# First hair cut!



## schpeckie (Jun 29, 2010)

He is so beautiful! Love the little pom-pom tail!


----------



## Birdie (Jun 28, 2009)

He looks great! I love freshly groomed poodles


----------



## spoospirit (Mar 10, 2009)

_He looks very comfortable and very plush!! Blacks are hard to photograph. You did a great job getting detail._


----------



## 2 Poods (Oct 20, 2010)

There's nothing like a freshly groomed spoo!!! He look gorgeous!!!


----------



## georgiapeach (Oct 9, 2009)

Beautiful dog and great groom! I love black poodles!


----------



## Feralpudel (Jun 28, 2010)

Cosmo is a very handsome dude!


----------



## ziggylu (Jun 26, 2010)

Thanks, everyone. I can't believe how different he looks. We had no idea this sexy dog was under all that hair! :lol I miss his muppetlike look a bit I admit but love how he looks in this cut. 

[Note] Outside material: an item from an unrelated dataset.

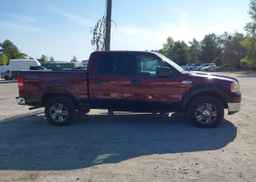 2005 FORD F150 SUPERCREW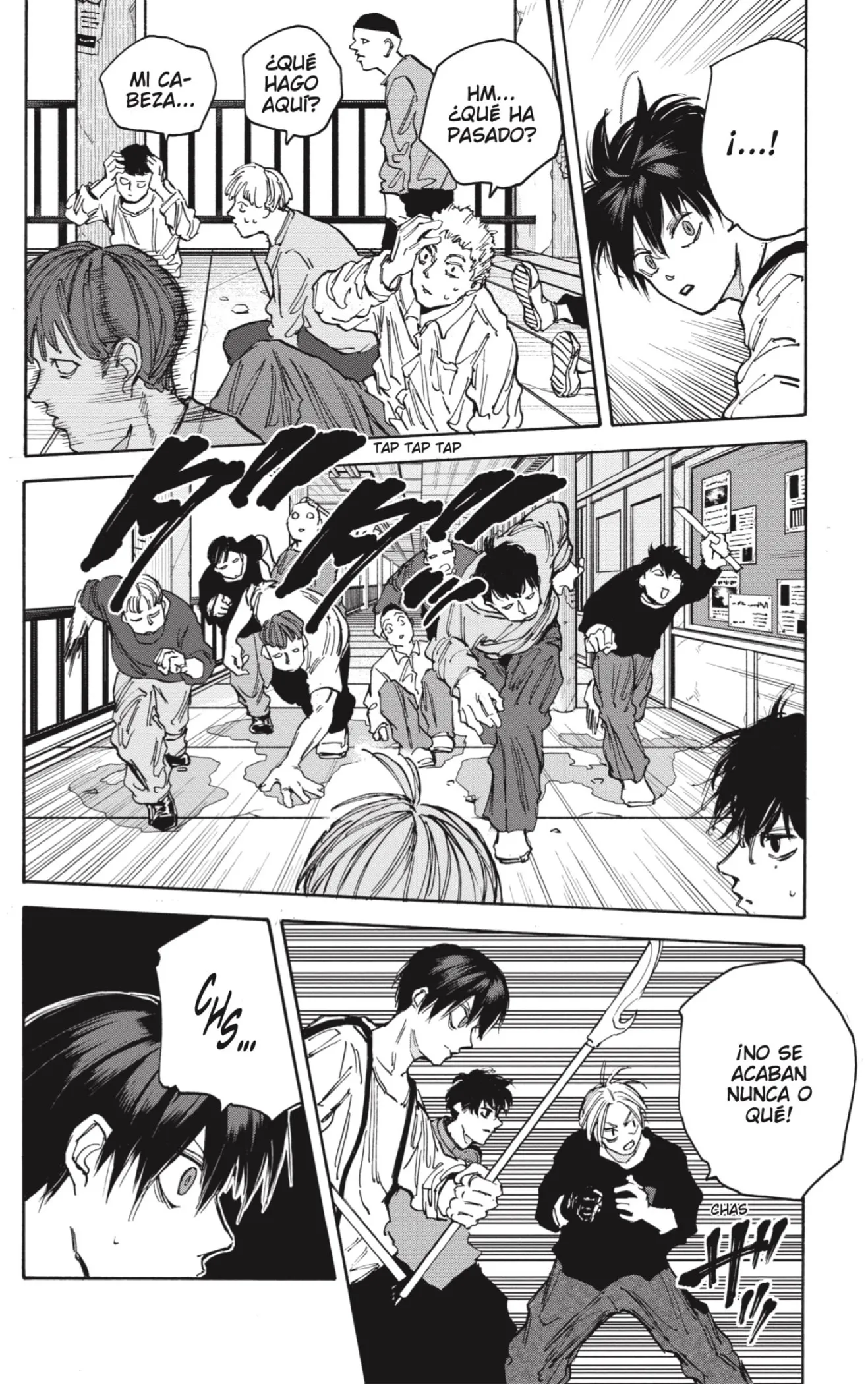 Sakamoto Days Capítulo 92 - Page 10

Our greyhound had no idea what to make of him when he came through the door last night!


----------



## MTWaggin (Nov 17, 2010)

It looks FABULOUS!


----------



## Feathersprings (Jul 15, 2010)

Aww, pretty, it IS strange to cut off that puppy hair. They look so grown up!


----------



## BigDog (Dec 14, 2010)

I too love the Tail Pom,so cute!!!(I prefer the round look for some reason)
Your baby is beautiful!


----------